Figure 5.. Glycosylation of the native QYNST sequon in IgG Fc domains by DmPglB.

(a) Non-reducing immunoblot analysis of protein A-purified proteins from whole-cell lysate of CLM24 cells transformed with the following plasmids: pMW07-pglΔBCDEF for making GalNAc₅(Glc)GlcNAc (left) or pMW07-pglΔBICDEF for making GalNAc₅GlcNAc (right); pMLBAD encoding CjPglB, DgPglB, DmPglB, or DmPglB^mut; and pTrc99S-hinge-Fc encoding hinge-Fc derived from human IgG1. Blots were probed with anti-human IgG (anti-IgG) to detect human Fc (top panel) and hR6 serum (bottom panel). Molecular weight (M_W) markers are indicated on the left. The g0, g1, and g2 arrows indicate un-, mono-, and diglycosylated Fc proteins, respectively. Blots are representative of biological replicates (n = 3). (b) Glycosylation efficiency was determined as above with data reported as the mean ± SD. Statistical significance was determined by unpaired two-tailed Student’s t-test. Calculated p values are represented as follows: ****, p < 0.0001. (c) Same as in (a) but with JUDE-1 cells transformed with plasmid pMAZ360-YMF10-IgG encoding a full-length chimeric IgG1 specific for PA along with plasmids for glycan biosynthesis and ssOST as indicated. Asterisks denote band shifts due to glycosylation of HC-LC dimer.

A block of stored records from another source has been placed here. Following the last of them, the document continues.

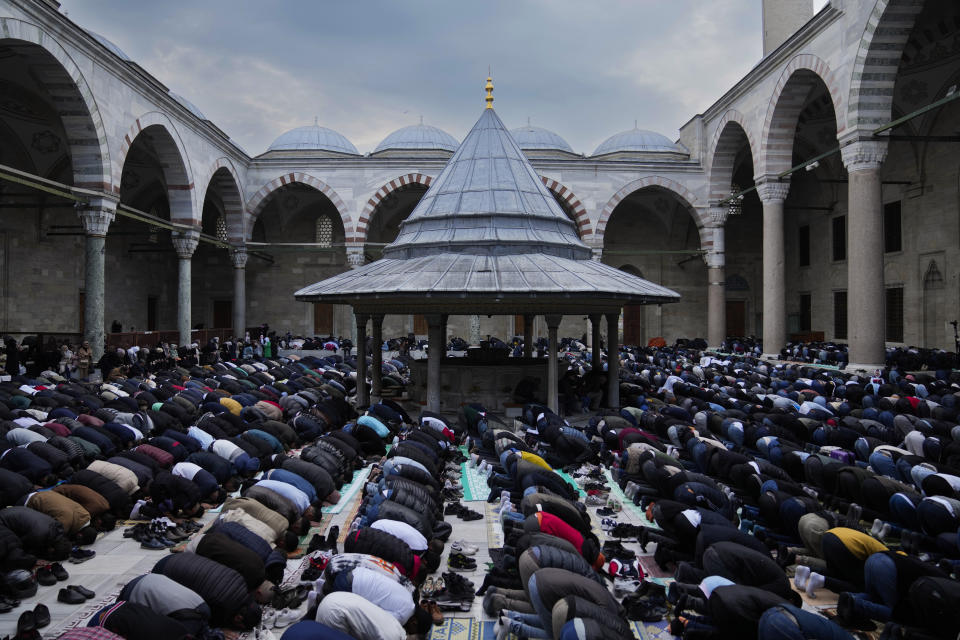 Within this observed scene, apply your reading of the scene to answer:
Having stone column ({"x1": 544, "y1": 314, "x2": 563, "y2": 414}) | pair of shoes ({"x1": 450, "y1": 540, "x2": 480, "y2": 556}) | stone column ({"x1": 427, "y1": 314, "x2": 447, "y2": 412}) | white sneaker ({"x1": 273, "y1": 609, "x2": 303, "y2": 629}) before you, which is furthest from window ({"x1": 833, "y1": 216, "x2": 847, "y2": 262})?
white sneaker ({"x1": 273, "y1": 609, "x2": 303, "y2": 629})

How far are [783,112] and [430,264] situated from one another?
1163 cm

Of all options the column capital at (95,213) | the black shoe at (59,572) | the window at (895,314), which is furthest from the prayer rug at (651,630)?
the window at (895,314)

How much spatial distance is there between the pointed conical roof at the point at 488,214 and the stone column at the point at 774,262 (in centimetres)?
792

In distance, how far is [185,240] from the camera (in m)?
17.2

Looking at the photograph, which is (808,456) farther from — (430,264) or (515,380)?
(430,264)

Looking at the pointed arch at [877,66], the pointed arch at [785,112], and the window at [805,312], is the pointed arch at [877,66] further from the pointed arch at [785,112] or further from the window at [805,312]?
the window at [805,312]

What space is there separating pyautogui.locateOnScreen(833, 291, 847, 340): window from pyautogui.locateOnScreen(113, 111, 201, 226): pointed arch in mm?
20174

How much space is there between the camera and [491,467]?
7352 mm

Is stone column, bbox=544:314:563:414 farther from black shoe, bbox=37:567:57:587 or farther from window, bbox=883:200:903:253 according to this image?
window, bbox=883:200:903:253

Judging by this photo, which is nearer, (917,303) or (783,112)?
(783,112)

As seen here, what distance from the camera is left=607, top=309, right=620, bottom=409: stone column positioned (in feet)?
35.4

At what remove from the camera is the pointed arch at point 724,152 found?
63.0 ft

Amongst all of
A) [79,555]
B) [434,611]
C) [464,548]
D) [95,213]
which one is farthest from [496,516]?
[95,213]

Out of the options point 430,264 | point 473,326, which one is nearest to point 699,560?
point 430,264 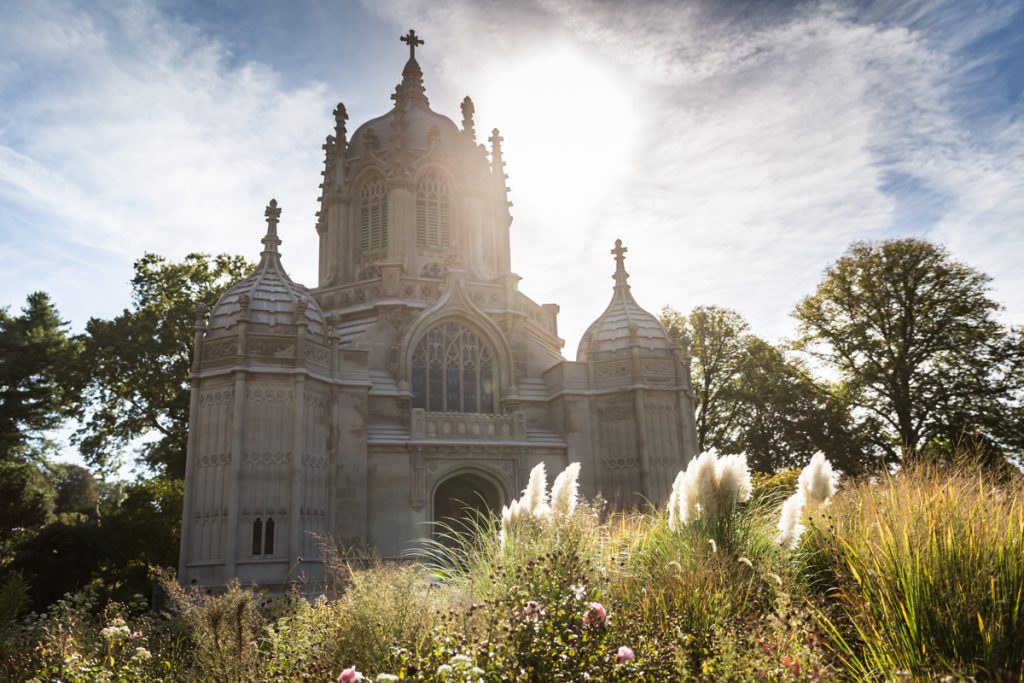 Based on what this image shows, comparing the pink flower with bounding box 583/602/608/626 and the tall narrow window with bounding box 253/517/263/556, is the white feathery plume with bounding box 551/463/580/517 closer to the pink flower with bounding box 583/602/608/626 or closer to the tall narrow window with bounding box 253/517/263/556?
the pink flower with bounding box 583/602/608/626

Figure 6.. Chemoenzymatic remodeling of E. coli-derived hinge-Fc glycans.

(a) Schematic representation of the chemoenzymatic reaction for trimming and remodeling hinge-Fc glycans. (b) Immunoblot analysis of the four E. coli-derived glycoforms (from left to right): aglycosylated hinge-Fc, glycosylated GalNAc₅GlcNAc-hinge-Fc, GlcNAc-hinge-Fc, and G2-hinge-Fc. Blot was probed with anti-human IgG (anti-IgG) to detect human Fc. Molecular weight (M_W) markers are indicated on the left. The g0, g1, and g2 arrows indicate un-, mono-, and diglycosylated Fc proteins, respectively. Blot is representative of biological replicates (n = 3). (c) ELISA analysis of same constructs in (b) with FcγRIIIA-V158 as immobilized antigen. Data are average of biological replicates (n = 3) ± SD.